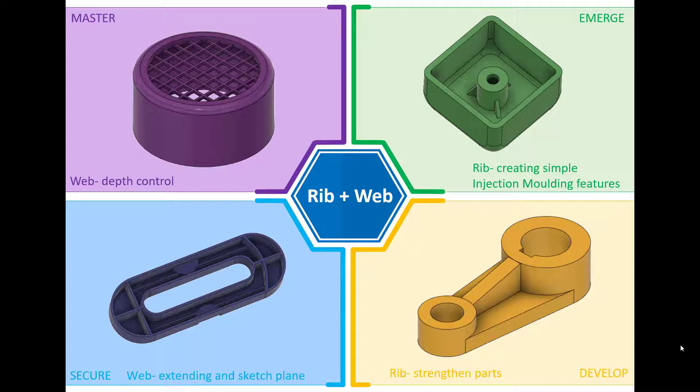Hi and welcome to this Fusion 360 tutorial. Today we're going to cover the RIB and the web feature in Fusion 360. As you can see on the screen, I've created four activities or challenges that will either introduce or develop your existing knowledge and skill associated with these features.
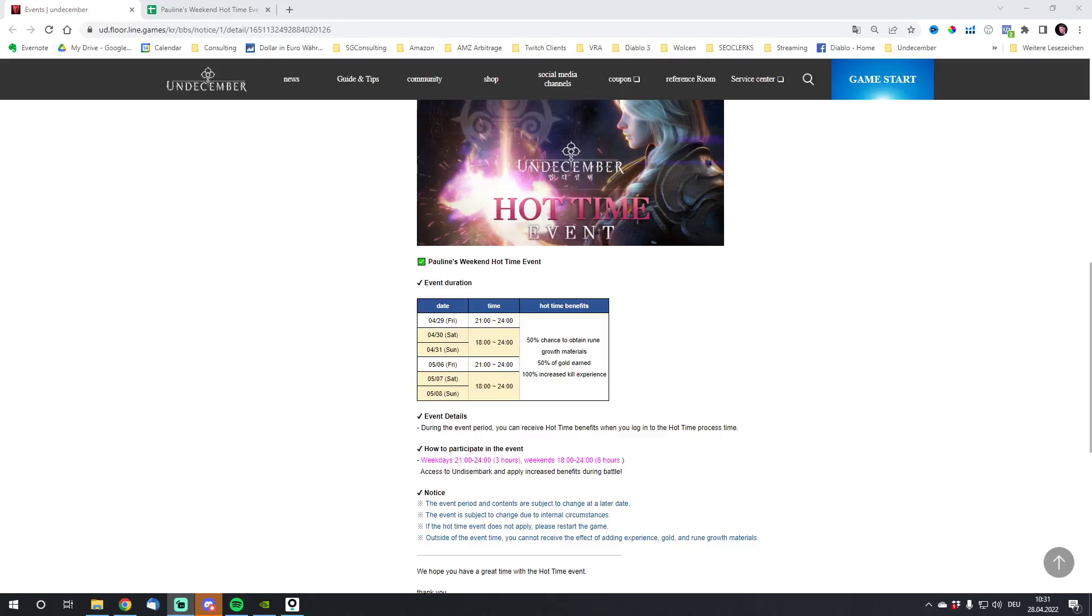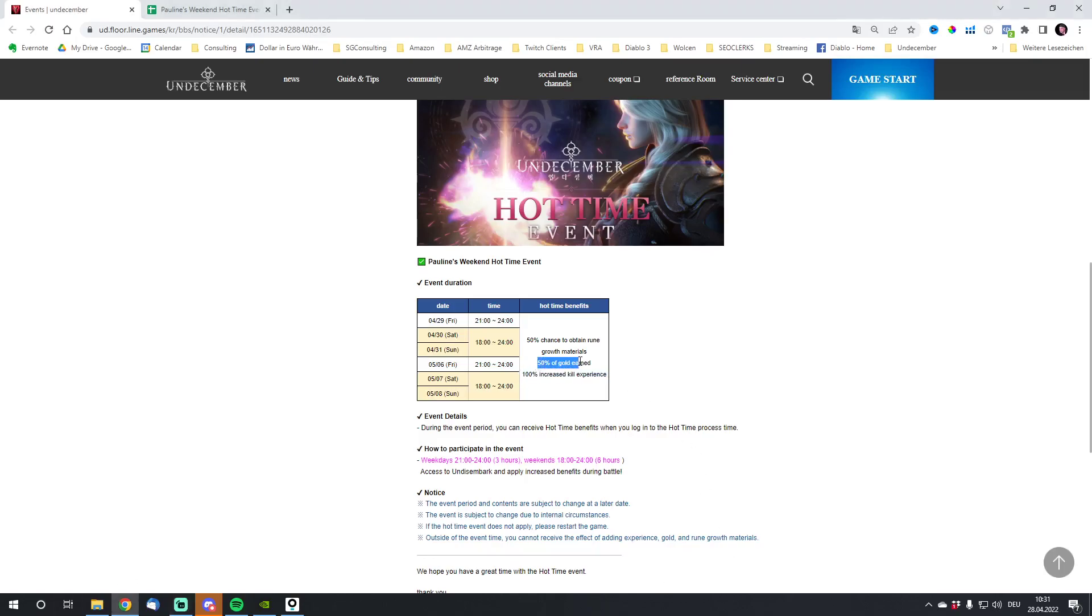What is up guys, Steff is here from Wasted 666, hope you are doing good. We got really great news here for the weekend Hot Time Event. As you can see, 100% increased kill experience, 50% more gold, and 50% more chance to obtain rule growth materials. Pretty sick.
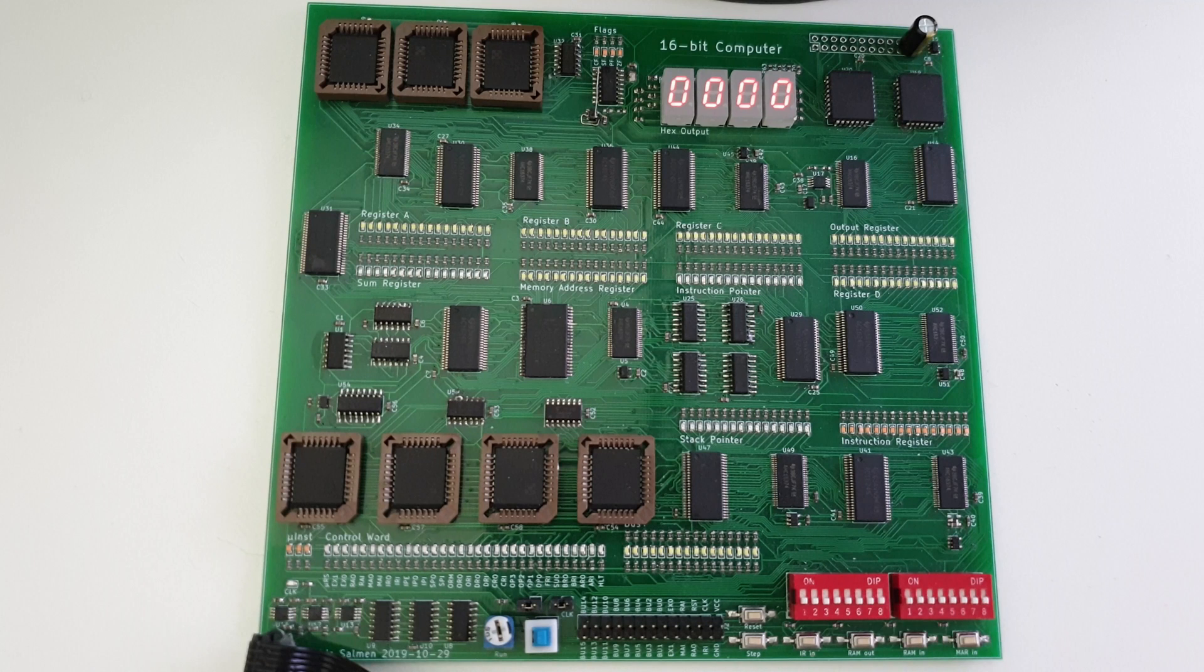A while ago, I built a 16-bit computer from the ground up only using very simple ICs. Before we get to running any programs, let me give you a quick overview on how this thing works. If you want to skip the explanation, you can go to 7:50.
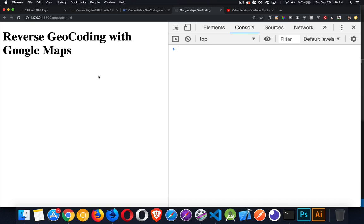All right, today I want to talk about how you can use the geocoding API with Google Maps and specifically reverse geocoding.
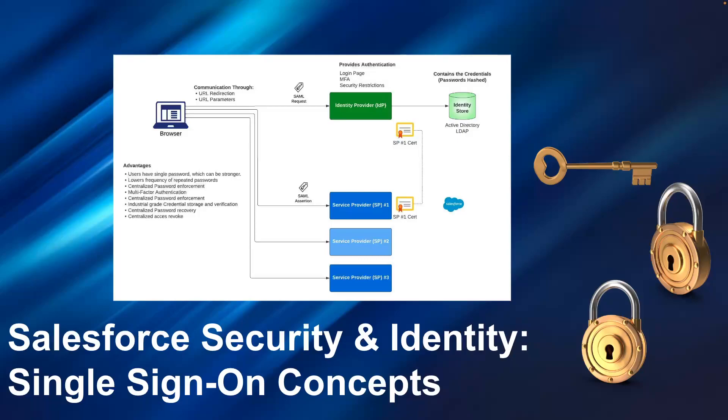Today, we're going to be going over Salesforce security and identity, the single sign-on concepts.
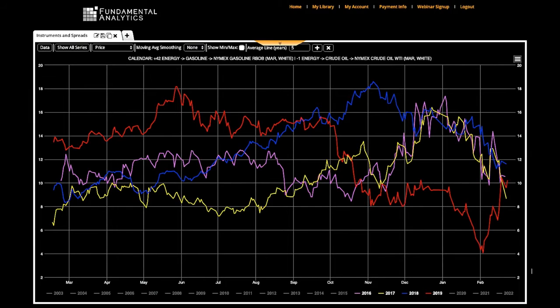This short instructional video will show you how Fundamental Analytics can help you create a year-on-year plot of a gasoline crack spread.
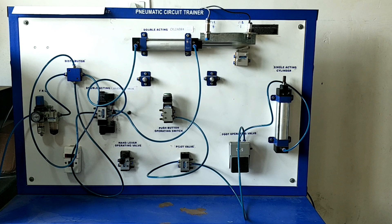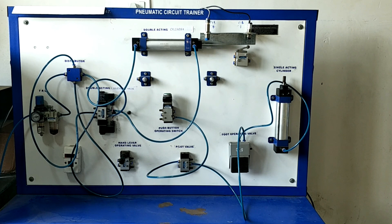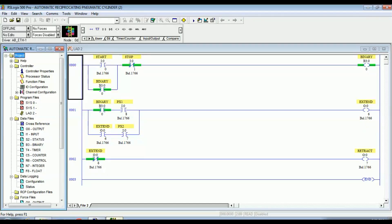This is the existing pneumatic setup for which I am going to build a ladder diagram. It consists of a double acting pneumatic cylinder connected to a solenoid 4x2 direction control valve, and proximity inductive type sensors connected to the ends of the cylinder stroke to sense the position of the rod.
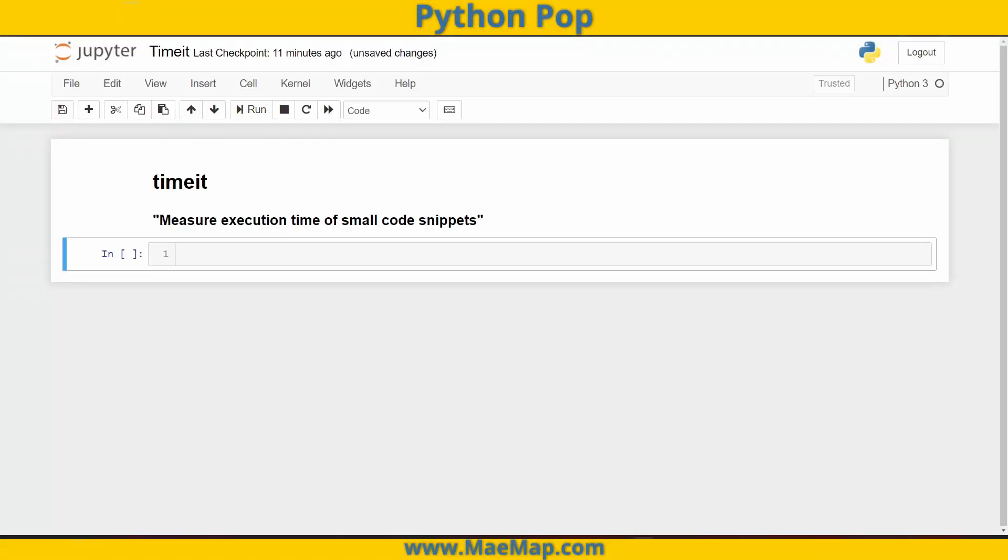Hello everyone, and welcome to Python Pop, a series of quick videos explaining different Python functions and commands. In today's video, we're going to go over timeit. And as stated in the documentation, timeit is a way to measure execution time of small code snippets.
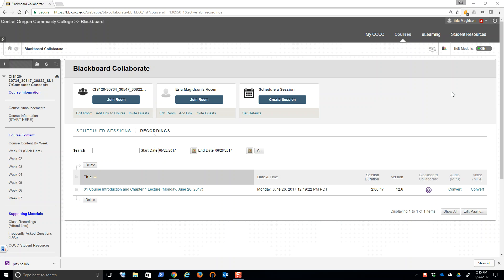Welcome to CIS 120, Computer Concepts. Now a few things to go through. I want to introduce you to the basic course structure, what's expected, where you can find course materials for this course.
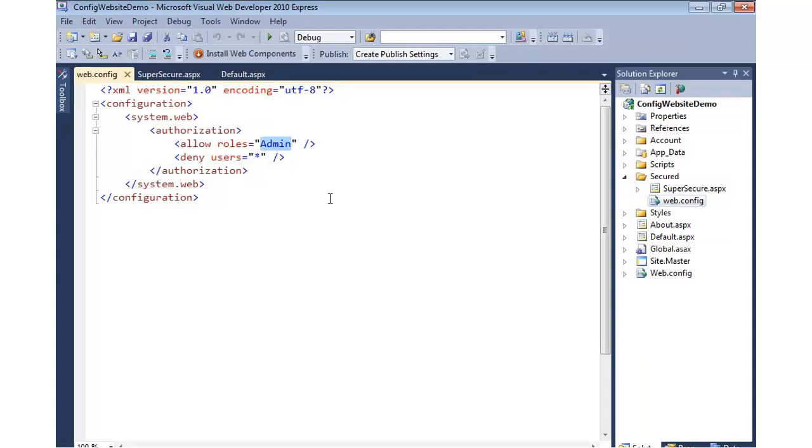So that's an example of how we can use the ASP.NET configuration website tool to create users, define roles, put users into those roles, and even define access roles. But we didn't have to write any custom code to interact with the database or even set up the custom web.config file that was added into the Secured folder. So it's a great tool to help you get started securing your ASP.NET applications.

WHAT IS BEING ASKED -
Repeat exactly the lines from the first line of the records above through the line containing "All right, today", both included. Leave out the pictures.

ANSWER TO THIS PROBLEM -
Hi and welcome to this Fusion 360 tutorial. Today we're going to cover the RIB and the web feature in Fusion 360. As you can see on the screen, I've created four activities or challenges that will either introduce or develop your existing knowledge and skill associated with these features.
What is up guys, Steff is here from Wasted 666, hope you are doing good. We got really great news here for the weekend Hot Time Event. As you can see, 100% increased kill experience, 50% more gold, and 50% more chance to obtain rule growth materials. Pretty sick.
A while ago, I built a 16-bit computer from the ground up only using very simple ICs. Before we get to running any programs, let me give you a quick overview on how this thing works. If you want to skip the explanation, you can go to 7:50.
All right, today I want to talk about how you can use the geocoding API with Google Maps and specifically reverse geocoding.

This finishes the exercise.